Clonoulty () is a small village and a civil parish in County Tipperary, Ireland. It is one of nine civil parishes in the barony of Kilnamanagh Lower. It is also one half of the ecclesiastical parish of Clonoulty-Rossmore in the Roman Catholic Archdiocese of Cashel and Emly. Clonoulty may also refer to a slightly larger area which forms one half of the catchment area for Clonoulty-Rossmore GAA club.

Location
Clonoulty is on the R661 road,  southwest of Thurles and  northeast of Tipperary town. Holycross and its eponymous abbey is  away on the Thurles road. Cashel and the Rock of Cashel are approximately  away.

History
The Calendar of Patent Rolls of Ireland records difficulties from 1582 onwards with Clonoulty rent collection for land which had passed into Crown control after the dissolution of the monasteries.  Lands were burned, spoiled and remained waste for up to three years.

The Irish language derivation of the name 'Clonoulty' is given as Cluain Abhla or Cluain Ula, meaning 'meadow of the apple tree (or orchard)'. 'Cluain an Ultaigh' is also given as a derivation, associated with a belief that Donal Cam O'Sullivan Beare and his followers spent a night in the Clonoulty area as they fled their native territory based in the present day Beara Peninsula.

During the 1800s, many people from the area emigrated to Australia.  Boorowa, New South Wales (the Tipperary of the South) was settled by Europeans who were mainly Irish convicts transported from Clonoulty after political activity against the British in 1815.

On 12 August 1848, Thomas Francis Meagher was arrested on the road between Clonoulty and Holycross. Seventeen years later, on 12 August 1865 a single stone meteorite of 4 lb 14.5oz was seen to fall and was recovered from a local field.

Clonoulty was the home of Eamon Ó Duibhir, the Irish Republican Brotherhood member and officer of the Irish Volunteers. Seán Hogan, of the Third Tipperary Brigade, was captured by the Royal Irish Constabulary (RIC) on the morning of 11 May 1919, after leaving a dance at his house. In an event known as the Rescue at Knocklong, Hogan was rescued the following day at Knocklong railway station, during which two of his four-man RIC escort were shot.
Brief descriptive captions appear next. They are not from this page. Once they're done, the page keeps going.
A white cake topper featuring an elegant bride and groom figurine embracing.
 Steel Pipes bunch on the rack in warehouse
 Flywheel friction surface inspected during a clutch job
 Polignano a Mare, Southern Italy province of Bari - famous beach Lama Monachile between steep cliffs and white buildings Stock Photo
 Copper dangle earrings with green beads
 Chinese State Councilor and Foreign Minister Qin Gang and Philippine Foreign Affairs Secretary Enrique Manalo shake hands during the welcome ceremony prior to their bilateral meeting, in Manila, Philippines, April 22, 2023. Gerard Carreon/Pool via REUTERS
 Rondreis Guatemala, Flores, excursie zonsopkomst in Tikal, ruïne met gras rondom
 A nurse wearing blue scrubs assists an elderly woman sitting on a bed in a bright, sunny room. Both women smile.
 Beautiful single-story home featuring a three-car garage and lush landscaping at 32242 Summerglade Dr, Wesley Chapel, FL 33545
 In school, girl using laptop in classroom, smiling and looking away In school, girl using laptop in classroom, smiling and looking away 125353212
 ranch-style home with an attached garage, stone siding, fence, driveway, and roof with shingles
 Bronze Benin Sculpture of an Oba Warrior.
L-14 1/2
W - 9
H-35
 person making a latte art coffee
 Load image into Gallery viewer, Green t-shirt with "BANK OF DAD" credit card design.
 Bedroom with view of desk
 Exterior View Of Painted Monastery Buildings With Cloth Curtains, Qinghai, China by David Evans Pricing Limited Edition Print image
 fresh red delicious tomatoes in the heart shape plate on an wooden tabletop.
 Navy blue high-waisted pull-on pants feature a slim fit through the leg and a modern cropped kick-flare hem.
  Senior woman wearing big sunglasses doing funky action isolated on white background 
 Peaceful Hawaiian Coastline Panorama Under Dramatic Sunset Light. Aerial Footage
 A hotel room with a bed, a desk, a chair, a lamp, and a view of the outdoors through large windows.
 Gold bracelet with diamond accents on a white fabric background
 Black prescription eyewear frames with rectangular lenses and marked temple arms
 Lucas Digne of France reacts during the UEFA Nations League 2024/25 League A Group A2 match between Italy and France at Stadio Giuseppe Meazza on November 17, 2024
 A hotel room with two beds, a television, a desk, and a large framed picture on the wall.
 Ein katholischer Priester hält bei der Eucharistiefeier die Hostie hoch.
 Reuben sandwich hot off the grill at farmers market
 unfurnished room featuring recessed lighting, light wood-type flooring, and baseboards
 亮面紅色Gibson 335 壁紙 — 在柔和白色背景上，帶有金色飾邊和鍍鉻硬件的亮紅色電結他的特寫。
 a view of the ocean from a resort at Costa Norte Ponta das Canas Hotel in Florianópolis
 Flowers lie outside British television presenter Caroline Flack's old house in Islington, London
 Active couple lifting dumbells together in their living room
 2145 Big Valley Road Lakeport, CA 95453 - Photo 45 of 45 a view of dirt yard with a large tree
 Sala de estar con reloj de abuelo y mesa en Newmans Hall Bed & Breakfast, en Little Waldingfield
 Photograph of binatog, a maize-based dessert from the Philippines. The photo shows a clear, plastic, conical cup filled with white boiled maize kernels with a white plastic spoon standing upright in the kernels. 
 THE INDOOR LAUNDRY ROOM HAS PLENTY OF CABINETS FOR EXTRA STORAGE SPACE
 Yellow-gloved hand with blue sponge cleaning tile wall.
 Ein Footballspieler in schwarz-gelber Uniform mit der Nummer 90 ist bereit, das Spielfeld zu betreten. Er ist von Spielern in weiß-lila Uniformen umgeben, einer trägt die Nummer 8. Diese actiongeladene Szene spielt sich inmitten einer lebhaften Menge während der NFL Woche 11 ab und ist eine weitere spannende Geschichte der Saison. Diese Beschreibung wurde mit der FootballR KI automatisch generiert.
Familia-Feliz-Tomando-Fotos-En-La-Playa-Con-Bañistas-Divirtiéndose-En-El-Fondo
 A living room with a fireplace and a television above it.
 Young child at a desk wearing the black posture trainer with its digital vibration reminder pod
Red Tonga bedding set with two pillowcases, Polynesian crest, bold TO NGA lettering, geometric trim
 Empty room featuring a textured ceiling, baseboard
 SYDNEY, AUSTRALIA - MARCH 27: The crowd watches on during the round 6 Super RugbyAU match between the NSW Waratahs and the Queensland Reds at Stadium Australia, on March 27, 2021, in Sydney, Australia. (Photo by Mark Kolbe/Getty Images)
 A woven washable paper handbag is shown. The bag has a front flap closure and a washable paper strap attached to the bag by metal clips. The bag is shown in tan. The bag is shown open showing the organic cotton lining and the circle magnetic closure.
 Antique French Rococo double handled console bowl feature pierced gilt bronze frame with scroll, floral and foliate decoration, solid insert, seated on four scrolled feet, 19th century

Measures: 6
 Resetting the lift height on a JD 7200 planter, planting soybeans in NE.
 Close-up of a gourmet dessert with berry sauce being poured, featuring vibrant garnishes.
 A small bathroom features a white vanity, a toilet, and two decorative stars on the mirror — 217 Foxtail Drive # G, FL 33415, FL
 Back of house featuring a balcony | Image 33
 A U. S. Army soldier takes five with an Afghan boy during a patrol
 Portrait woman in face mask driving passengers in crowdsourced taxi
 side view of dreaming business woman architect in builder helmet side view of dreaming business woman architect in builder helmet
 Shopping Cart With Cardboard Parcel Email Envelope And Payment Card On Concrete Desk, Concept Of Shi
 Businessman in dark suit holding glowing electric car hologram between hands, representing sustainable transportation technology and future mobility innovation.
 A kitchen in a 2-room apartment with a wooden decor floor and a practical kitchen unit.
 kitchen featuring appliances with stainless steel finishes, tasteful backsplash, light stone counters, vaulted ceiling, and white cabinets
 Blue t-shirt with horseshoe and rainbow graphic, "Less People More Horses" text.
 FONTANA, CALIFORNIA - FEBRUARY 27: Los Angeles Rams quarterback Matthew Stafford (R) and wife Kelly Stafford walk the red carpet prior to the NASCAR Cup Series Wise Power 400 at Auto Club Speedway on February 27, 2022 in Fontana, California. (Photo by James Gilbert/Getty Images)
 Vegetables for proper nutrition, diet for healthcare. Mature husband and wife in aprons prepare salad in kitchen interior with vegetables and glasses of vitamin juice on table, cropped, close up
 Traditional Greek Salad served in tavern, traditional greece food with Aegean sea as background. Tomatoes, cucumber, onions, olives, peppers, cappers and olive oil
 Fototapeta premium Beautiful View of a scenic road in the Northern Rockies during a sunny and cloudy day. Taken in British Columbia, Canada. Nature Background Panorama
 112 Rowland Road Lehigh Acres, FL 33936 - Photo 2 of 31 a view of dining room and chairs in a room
On 31 March 1920, during the War of Independence, an RIC hut here was attacked by the 2nd Battalion of the South Tipperary Brigade. The defense was successfully led by Sgt Patrick McDonnell who was subsequently assassinated on 10 May of the same year at Goold's Cross railway station on his way to the RIC hut.

Facilities
Clonoulty has a post office, two pubs, a shop, and a primary school. The primary (national) school which serves the civil parish, Clonoulty National School, had over 80 pupils enrolled as of the 2019/2020 school year. There is also a primary school in the nearby village of Rossmore (3 km away).

The local Roman Catholic church is dedicated to St John the Baptist, and was built in 1878. A former Church of Ireland church, now in use as a funeral home, was built in 1856 and closed in 1976. A Sheela na Gig, discovered in Clonoulty's graveyard in the 1980s, is now held in the Bolton Library in Cashel.

The grounds of the local GAA club, Clonoulty–Rossmore GAA, includes two pitches and a children's playground.